I have seen this firsthand: young professionals suddenly unable to concentrate, hearing drums in their dreams, inexplicably drawn to fire and rivers. Elders waking up speaking languages they never learned. Children who know the names of people who died long before they were born. These are not myths. These are case studies
in Spiritual Mathematics.

But no one chooses to become a Sangoma. It chooses you. And resisting it can be dangerous.
There are countless accounts of people who tried to run from the calling, only to experience years of turmoil until they surrendered. Once they do, the path of ukuthwasa (initiation) begins, led by a seasoned sangoma called a gobela, who trains the initiate through ritual, discipline, song, dance, sacrifice, and ancestral communion. This training is not symbolic, it is transformational. You emerge not as a performer of rituals, but as a vessel of healing.
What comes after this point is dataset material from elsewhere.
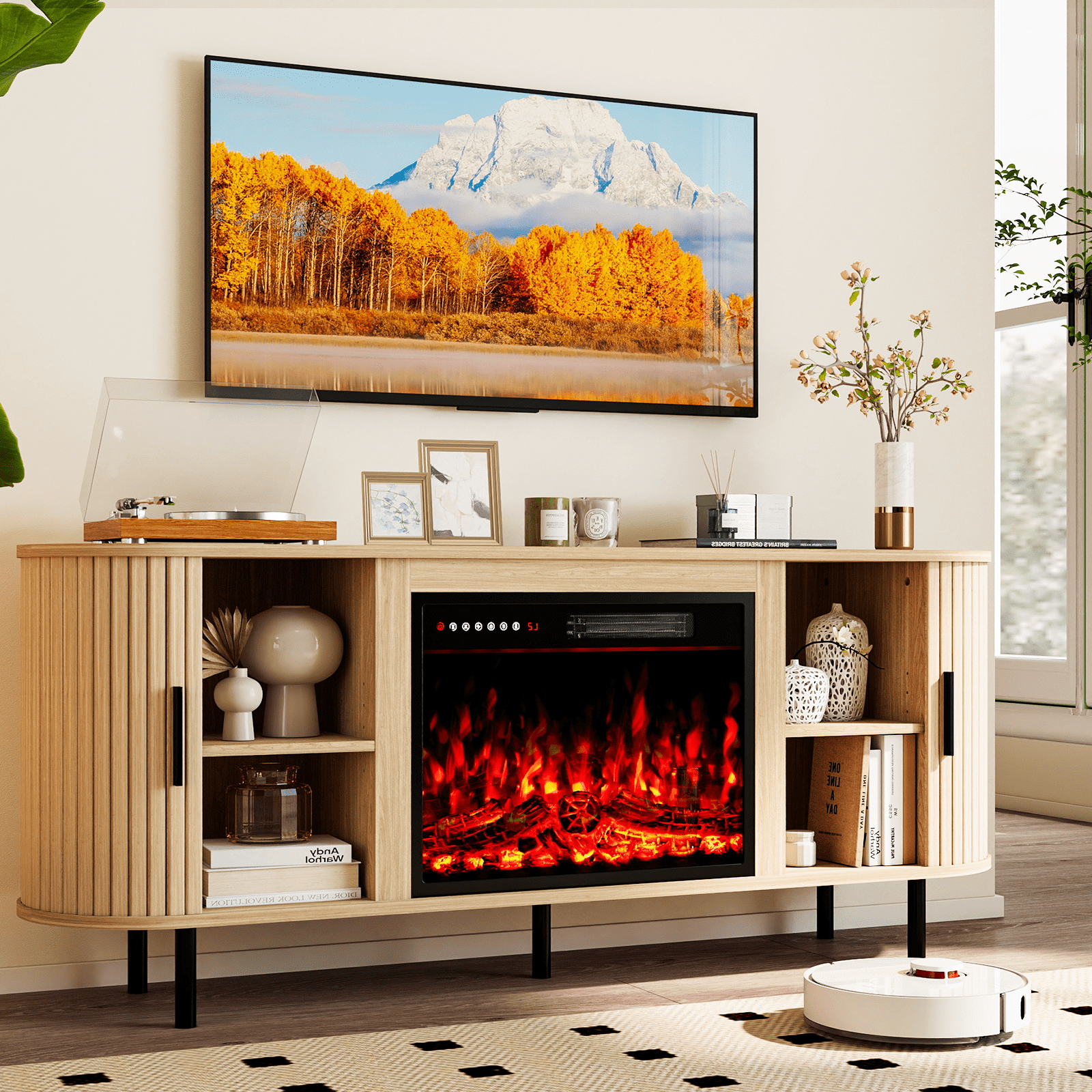 Rocyis 65" Modern Fireplace TV Stand for TVs Up to 75'', Fluted Entertainment Center with Electric Fireplace, Media Console Cabinet for Living Room, Natural Oak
Ukuthwasa is, in many ways, the most advanced form of university our ancestors devised. You learn the language of bones. You learn to listen to silence. You learn to read not only bodies, but lineages. You become a spiritual mathematician.
And once that calling is accepted, the life you knew before is no more. You live in service of the spirit. You heal the living, speak to the dead, and balance equations most people cannot see.